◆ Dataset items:
[Start of Attachment]
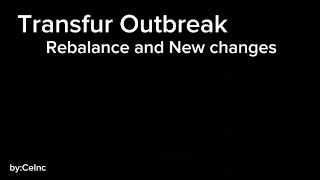 Transfur outbreak Rebalance And new changes [upl. by Eelannej]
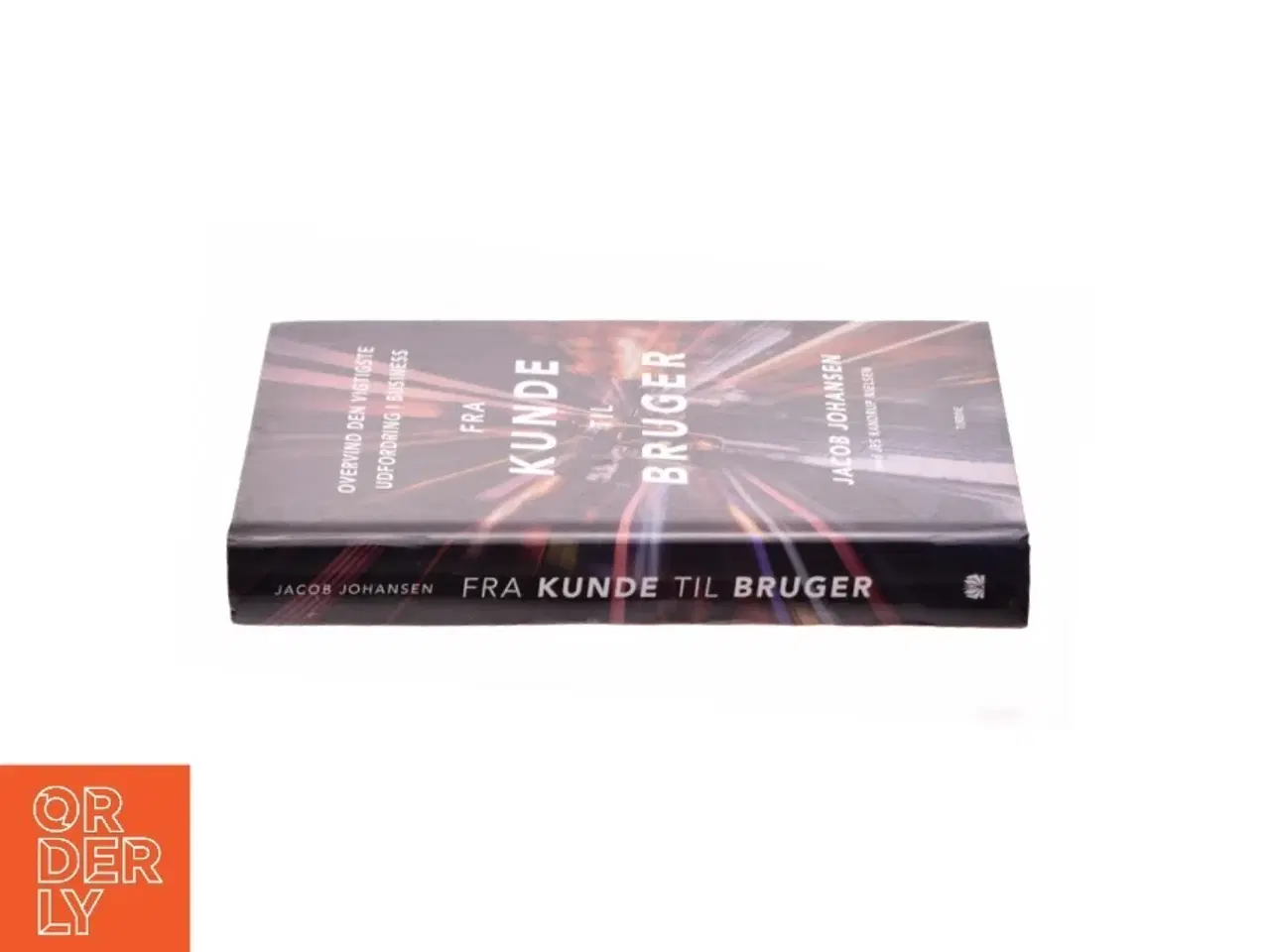 Billede 2 - Fra kunde til bruger af Jacob Johansen (Bog)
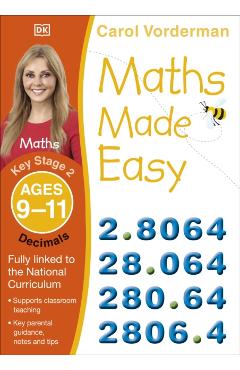 Maths Made Easy Decimals Ages 9-11 Key Stage 2 - Carol Vorderman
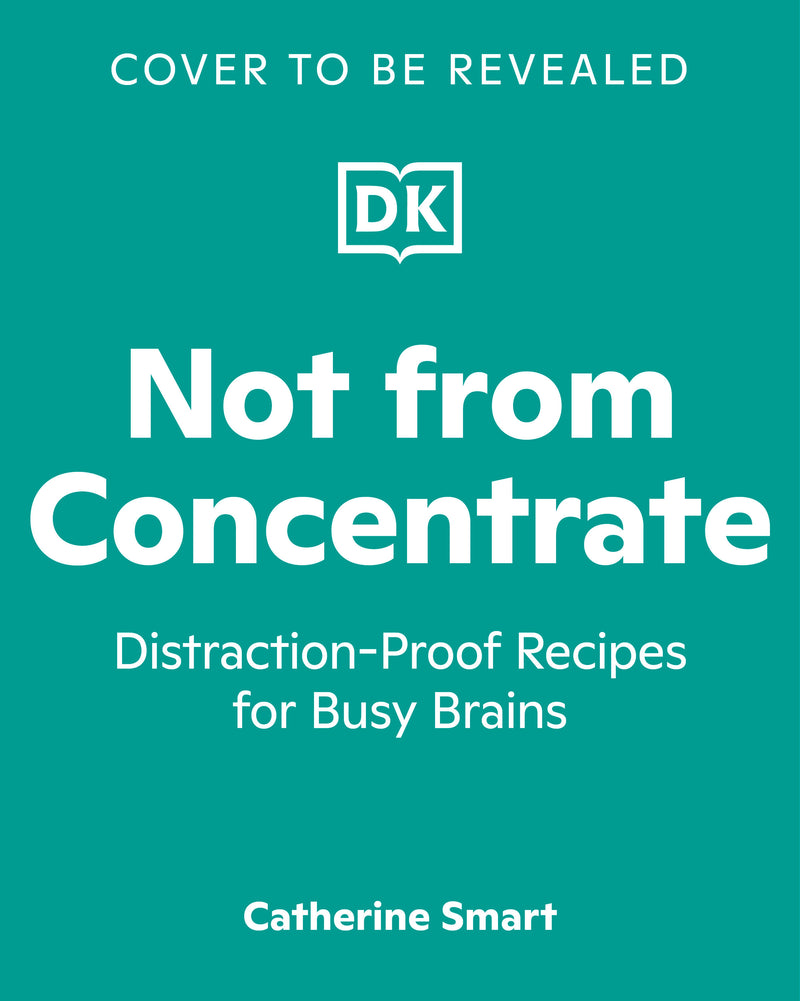Not from Concentrate: Distraction-Proof Recipes for Busy Brains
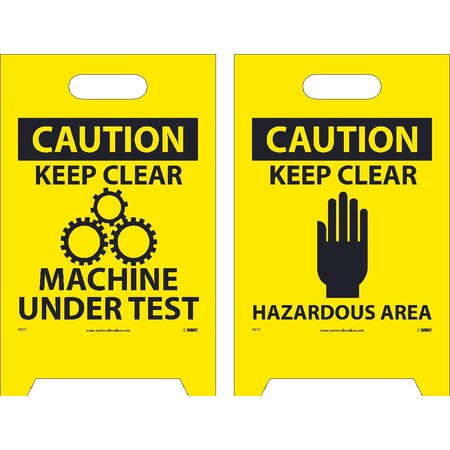 Nmc Caution Keep Clear Machine Under Test, 19 in Height, 12 in Width, Corrugated Plastic, A-Frame FS17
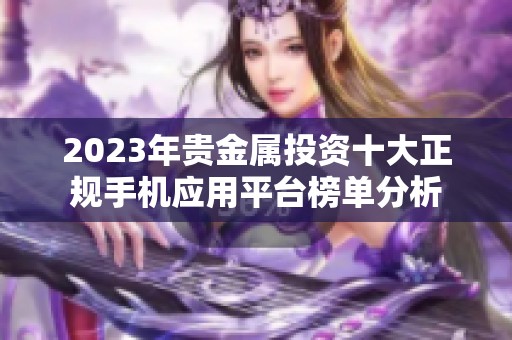 2023年贵金属投资十大正规手机应用平台榜单分析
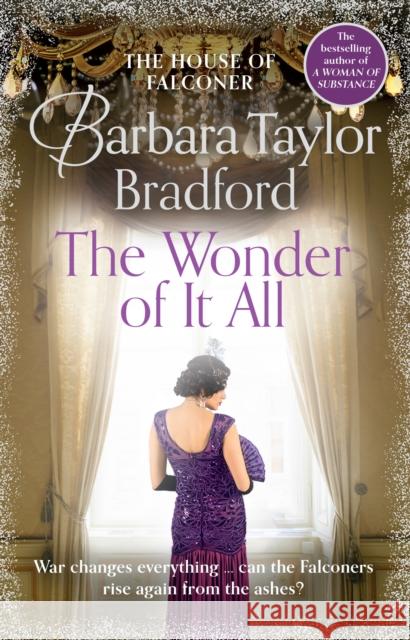 The Wonder of It All Barbara Taylor Bradford 9780008242589 HarperCollins Publishers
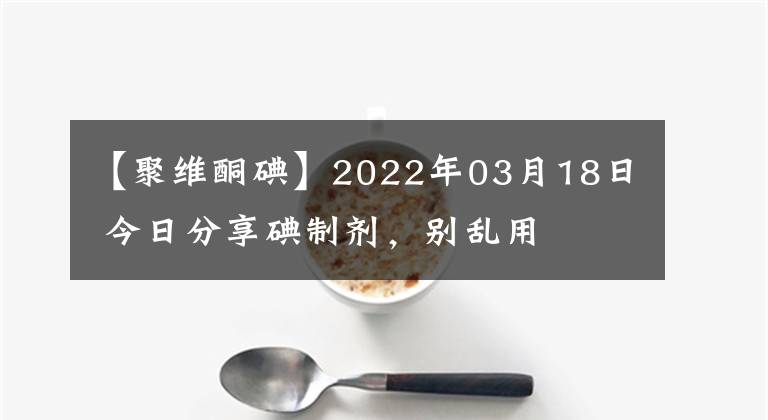 【聚維酮碘】2022年03月18日 今日分享碘制劑，別亂用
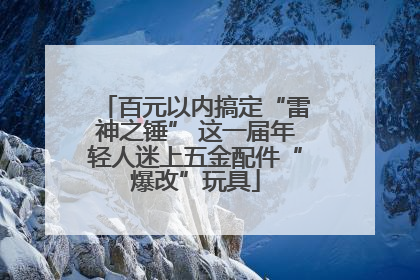 百元以内搞定“雷神之锤” 这一届年轻人迷上五金配件“爆改”玩具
[End of Attachment]
Starting at the line that contains "Not from Concentrate: Distraction-Proof", reproduce each line exactly through the end of the entries above, leaving every picture out.

Not from Concentrate: Distraction-Proof Recipes for Busy Brains
 Nmc Caution Keep Clear Machine Under Test, 19 in Height, 12 in Width, Corrugated Plastic, A-Frame FS17
 2023年贵金属投资十大正规手机应用平台榜单分析
 The Wonder of It All Barbara Taylor Bradford 9780008242589 HarperCollins Publishers
 【聚維酮碘】2022年03月18日 今日分享碘制劑，別亂用
 百元以内搞定“雷神之锤” 这一届年轻人迷上五金配件“爆改”玩具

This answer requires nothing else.